Task objective - Search the records for "Sweater". Copy every line where it appears.
____________________
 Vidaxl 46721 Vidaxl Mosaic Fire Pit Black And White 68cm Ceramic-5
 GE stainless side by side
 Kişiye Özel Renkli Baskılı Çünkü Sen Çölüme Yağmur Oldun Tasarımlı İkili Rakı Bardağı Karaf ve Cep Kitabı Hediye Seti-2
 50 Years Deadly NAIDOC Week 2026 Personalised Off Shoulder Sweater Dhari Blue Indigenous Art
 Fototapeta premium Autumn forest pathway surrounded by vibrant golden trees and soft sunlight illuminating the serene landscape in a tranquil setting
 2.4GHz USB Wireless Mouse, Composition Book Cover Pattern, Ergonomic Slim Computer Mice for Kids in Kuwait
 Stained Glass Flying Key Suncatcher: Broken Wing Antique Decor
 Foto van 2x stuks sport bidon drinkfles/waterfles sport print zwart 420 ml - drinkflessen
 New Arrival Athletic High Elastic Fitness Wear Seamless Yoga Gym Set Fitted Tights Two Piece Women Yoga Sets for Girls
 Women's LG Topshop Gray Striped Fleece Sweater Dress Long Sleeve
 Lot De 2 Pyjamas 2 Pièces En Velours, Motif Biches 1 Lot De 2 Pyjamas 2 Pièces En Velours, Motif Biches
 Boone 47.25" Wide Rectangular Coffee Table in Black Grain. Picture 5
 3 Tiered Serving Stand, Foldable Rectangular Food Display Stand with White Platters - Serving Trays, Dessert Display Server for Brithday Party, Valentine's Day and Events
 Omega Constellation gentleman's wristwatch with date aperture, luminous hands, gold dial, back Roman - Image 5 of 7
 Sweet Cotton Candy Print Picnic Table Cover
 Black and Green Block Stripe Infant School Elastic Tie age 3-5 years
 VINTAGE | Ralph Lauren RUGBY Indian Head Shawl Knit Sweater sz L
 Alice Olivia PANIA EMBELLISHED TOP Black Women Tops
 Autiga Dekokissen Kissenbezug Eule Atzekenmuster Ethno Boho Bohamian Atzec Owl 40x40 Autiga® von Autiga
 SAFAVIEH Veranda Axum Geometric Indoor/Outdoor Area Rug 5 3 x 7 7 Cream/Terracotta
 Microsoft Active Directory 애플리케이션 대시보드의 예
____________________
Solution to this exercise -
 50 Years Deadly NAIDOC Week 2026 Personalised Off Shoulder Sweater Dhari Blue Indigenous Art
 Women's LG Topshop Gray Striped Fleece Sweater Dress Long Sleeve
 VINTAGE | Ralph Lauren RUGBY Indian Head Shawl Knit Sweater sz L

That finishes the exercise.